# Was haltet ihr von Kryptowährung und ICOs?



## peltorkid (28. April 2018)

Hallo allerseits!

Weil es für mich persönlich gerade gut passt, dachte ich mir mal, dass ich bei euch nachfrage, was ihr denn so von Kryptowährungen und ICOs haltet? 

Ich weiß, der eigentliche Hype ist gerade vorbei, aber ich finde, das macht es gerade umso spannender. Zu sehen, wohin sich das Ganze entwickelt und was einen denn in Zukunft erwartet. Zur Zeit gibt es ja viele verschiedene Anbieter schon, die auch alle ein anderes Ziel verfolgen.
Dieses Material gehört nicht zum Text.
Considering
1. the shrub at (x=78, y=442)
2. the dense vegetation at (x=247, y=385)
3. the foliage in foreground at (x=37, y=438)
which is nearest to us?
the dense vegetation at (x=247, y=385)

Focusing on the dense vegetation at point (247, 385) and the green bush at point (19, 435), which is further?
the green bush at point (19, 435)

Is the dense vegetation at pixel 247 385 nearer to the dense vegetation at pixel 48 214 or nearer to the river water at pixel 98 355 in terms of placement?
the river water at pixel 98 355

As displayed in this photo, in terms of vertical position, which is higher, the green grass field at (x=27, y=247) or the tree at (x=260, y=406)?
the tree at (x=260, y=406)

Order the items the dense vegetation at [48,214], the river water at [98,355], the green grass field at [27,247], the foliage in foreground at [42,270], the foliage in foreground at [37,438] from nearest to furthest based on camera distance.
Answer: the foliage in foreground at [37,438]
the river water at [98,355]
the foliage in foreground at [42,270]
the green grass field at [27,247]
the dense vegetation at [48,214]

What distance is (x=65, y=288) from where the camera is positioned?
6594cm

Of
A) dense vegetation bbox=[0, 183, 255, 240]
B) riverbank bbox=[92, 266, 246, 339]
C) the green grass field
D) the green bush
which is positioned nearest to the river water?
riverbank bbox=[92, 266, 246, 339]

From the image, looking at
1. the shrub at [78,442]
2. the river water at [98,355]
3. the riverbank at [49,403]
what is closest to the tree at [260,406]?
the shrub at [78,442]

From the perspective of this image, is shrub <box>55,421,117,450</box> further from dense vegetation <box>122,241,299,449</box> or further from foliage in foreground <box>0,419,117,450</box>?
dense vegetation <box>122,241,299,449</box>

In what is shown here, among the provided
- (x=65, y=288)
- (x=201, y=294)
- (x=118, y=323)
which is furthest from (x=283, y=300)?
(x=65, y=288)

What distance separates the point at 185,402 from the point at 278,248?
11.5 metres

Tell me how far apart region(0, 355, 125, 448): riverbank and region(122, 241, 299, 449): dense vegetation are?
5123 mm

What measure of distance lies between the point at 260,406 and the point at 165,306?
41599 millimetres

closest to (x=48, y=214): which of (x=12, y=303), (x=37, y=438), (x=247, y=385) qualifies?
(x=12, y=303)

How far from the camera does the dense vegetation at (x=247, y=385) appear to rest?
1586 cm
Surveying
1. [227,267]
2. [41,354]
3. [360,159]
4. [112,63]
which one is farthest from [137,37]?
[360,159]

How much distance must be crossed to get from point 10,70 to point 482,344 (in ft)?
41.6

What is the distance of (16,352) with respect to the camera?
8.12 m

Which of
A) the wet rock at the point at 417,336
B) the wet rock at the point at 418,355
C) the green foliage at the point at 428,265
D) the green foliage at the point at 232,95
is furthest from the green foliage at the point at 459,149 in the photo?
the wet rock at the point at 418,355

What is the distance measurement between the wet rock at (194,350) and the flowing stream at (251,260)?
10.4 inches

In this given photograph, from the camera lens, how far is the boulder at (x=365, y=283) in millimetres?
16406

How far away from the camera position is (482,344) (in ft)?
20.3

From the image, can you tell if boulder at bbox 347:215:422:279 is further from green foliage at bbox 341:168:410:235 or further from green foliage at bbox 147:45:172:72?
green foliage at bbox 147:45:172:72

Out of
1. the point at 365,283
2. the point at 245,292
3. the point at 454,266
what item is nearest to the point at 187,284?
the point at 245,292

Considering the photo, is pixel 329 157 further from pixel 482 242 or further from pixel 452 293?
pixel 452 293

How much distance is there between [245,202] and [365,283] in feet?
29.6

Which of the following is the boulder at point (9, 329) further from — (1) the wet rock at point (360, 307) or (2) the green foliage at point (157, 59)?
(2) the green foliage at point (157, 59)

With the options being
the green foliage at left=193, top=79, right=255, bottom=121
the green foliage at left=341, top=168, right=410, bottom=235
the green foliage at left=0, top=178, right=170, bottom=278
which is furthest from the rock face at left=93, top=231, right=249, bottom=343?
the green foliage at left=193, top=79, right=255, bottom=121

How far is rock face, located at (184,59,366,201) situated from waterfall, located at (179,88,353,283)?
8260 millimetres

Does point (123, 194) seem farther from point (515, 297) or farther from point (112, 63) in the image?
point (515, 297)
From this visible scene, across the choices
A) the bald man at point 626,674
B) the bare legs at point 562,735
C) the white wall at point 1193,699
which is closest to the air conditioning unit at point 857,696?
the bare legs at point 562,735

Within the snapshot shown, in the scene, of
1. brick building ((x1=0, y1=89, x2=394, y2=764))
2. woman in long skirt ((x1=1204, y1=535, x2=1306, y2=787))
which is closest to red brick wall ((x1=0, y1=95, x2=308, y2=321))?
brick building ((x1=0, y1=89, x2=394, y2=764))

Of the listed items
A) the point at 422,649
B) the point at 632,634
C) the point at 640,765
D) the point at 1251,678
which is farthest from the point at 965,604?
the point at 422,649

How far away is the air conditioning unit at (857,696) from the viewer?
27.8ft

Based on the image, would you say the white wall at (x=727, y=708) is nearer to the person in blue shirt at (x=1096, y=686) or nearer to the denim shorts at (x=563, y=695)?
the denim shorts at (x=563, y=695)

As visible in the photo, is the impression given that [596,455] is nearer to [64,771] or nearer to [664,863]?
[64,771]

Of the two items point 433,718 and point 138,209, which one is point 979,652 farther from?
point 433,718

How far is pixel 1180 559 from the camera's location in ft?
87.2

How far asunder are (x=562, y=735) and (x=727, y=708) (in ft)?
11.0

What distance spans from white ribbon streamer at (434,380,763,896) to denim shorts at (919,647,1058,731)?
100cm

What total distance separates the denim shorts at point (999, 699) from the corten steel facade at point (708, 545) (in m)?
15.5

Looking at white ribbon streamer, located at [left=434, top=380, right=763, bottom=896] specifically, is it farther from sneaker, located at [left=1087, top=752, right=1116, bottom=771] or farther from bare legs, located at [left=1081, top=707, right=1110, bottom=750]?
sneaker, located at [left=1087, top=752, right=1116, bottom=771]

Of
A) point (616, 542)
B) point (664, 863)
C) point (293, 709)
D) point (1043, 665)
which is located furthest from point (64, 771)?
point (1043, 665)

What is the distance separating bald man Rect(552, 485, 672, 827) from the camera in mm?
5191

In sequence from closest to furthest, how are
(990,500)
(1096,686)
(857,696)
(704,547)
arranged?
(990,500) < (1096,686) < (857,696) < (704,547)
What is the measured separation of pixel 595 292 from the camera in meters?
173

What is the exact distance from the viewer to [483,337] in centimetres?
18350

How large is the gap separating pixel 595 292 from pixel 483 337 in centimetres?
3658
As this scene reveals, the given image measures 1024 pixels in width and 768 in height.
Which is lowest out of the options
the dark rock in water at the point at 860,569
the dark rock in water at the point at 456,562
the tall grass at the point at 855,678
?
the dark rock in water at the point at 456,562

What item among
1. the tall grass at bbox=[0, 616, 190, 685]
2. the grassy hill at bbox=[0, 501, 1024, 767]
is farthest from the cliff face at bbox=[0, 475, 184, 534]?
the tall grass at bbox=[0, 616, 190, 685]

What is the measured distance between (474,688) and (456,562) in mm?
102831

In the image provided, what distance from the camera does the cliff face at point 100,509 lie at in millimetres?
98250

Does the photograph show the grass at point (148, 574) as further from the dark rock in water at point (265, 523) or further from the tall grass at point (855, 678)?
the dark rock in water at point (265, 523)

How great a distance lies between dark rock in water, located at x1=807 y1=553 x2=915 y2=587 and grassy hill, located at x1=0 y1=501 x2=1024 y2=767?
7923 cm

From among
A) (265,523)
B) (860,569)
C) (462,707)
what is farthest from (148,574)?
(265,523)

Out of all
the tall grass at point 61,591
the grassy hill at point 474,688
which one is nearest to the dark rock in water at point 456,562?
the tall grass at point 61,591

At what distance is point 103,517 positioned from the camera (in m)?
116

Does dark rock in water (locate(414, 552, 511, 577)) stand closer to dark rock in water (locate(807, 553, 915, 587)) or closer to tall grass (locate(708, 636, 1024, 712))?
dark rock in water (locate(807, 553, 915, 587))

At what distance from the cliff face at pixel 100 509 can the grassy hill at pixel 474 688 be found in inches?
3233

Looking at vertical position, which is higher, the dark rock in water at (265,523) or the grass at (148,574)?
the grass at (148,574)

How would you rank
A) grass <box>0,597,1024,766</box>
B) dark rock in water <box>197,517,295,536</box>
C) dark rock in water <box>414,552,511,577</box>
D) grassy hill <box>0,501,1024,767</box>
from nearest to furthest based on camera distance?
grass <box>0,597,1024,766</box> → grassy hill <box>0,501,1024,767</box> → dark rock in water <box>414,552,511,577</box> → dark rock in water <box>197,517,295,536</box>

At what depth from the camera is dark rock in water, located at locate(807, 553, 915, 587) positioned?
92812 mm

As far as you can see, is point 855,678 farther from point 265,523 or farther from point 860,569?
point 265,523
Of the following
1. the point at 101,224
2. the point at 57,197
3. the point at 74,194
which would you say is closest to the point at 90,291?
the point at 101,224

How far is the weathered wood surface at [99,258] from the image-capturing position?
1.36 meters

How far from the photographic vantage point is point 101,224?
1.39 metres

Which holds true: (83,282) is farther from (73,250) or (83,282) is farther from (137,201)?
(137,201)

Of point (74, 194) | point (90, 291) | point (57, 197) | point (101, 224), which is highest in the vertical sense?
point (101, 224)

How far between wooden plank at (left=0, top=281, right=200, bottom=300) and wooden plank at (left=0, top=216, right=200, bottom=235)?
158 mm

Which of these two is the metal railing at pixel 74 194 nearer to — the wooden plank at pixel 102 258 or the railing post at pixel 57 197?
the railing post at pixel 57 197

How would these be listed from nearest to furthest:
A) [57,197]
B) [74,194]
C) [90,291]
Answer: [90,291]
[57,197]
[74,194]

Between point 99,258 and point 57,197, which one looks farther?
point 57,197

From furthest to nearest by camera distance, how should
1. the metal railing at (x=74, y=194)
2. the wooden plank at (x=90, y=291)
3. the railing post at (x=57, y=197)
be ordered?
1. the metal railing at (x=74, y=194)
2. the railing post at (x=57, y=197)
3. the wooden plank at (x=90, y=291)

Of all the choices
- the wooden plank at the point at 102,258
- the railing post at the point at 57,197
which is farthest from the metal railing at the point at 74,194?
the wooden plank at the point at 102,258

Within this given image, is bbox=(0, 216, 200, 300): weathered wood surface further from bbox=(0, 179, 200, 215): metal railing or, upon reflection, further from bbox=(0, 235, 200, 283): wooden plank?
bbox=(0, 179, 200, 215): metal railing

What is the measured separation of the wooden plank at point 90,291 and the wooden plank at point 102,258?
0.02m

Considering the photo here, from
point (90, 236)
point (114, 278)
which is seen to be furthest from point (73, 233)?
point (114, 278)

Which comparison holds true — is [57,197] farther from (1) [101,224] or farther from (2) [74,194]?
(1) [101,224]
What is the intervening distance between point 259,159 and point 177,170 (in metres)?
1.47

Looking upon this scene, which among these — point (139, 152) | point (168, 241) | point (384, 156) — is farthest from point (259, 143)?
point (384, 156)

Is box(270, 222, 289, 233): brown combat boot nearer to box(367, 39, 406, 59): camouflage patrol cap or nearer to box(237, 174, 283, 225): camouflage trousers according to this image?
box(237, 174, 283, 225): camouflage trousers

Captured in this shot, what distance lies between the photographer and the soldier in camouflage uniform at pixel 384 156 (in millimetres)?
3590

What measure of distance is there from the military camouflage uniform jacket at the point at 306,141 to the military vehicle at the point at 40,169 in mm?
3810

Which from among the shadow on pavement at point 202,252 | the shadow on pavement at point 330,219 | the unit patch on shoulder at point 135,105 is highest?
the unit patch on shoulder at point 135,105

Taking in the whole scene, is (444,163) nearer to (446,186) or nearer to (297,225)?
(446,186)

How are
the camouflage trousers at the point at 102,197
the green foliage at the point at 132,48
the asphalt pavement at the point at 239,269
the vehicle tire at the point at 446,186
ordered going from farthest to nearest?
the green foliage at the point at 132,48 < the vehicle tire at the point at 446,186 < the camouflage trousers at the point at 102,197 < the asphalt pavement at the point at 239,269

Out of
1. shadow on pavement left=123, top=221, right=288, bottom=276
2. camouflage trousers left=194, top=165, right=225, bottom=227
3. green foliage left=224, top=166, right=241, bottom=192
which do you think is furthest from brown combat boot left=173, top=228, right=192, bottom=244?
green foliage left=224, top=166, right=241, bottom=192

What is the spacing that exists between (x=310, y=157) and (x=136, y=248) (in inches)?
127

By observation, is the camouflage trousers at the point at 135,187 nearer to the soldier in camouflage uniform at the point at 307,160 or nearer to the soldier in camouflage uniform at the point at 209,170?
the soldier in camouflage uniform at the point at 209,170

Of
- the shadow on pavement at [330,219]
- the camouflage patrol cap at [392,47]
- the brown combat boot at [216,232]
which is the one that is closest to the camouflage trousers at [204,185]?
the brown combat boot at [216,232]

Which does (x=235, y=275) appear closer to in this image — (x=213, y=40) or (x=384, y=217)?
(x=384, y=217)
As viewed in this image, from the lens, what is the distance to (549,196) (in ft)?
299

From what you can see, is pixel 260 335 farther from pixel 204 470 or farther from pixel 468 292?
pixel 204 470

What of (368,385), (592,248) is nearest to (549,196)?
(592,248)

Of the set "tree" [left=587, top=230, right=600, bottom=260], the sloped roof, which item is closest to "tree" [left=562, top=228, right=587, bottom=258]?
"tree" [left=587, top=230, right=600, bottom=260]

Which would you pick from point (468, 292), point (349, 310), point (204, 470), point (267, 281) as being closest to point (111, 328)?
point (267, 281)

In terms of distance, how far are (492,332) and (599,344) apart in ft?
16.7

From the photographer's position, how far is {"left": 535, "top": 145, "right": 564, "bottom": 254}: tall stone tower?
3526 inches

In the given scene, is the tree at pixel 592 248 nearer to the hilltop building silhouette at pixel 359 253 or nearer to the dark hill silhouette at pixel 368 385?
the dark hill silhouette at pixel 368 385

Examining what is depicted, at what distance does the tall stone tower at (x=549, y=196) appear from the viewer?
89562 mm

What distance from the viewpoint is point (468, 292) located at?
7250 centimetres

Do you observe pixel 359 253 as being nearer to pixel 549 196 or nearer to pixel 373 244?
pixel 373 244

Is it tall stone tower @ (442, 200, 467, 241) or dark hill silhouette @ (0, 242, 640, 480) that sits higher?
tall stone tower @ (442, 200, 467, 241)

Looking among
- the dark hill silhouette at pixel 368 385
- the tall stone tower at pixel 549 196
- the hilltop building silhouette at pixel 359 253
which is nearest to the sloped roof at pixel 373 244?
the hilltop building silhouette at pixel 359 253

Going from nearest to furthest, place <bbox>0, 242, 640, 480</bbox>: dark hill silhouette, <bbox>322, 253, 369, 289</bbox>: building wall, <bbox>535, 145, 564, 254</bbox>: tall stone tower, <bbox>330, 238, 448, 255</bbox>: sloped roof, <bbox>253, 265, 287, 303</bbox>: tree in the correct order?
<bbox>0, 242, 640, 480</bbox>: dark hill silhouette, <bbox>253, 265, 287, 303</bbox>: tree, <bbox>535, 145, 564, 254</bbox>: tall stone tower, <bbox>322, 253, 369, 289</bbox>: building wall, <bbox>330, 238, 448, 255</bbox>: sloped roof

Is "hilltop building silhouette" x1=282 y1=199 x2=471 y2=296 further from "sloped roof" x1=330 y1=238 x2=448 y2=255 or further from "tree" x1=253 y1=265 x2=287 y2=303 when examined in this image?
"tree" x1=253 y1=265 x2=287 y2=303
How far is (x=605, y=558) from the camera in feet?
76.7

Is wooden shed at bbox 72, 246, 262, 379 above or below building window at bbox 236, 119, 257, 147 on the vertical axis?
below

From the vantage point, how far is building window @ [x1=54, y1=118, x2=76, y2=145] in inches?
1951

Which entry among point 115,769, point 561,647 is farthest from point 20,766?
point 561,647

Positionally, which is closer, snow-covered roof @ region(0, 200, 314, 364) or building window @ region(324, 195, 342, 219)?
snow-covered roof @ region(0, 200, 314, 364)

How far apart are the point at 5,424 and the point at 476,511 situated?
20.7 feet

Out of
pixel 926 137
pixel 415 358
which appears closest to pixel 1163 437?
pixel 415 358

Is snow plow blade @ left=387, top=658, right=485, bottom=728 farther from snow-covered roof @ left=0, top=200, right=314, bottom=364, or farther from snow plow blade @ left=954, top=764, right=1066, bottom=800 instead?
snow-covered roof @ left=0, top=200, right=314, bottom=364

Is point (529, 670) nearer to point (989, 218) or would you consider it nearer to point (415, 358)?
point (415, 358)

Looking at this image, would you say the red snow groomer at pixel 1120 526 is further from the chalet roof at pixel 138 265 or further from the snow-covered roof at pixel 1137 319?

Das macht es meiner Meinung nach auch interessanter, weil das derzeitige Konzept von Bitcoin unterscheidet sich ja nicht groß von einer Investment an der Börse. 

 

Das Thema an sich, ist ja riesengroß und betrifft dabei ja auch viele verschiedene Bereiche wie Blockchain, e-Wallets, ICOs etc - also mehr als die Token einer Kryptowährung per se. Und obwohl dies verschiedene Dinge sind, hängen sie doch immer irgendwie zusammen. Könnte man hier von einer eigenen in sich geschlossenen Ökonomie reden?

 

Eine der vielen Fragen, die mir halt dabei immer wieder durch den Kopf schießt^^ Wie seht ihr dieses Thema? Was haltet ihr denn von Krptowährungen? Oder ICOs von Kryptowährungen? Denkt ihr, dass es sich hierbei um eine gute Sache handelt? Sind diese (wenn das whitepaper natürlich passt ) wert um zu investieren oder sollte man davon prinzipiell Abstand halten? Habt ihr selber auch Coins oder Tokens? Erzählt mal


----------



## Tikume (28. April 2018)

Nichts. Ich warte/hoffe dass da alles in sich zusammenfällt.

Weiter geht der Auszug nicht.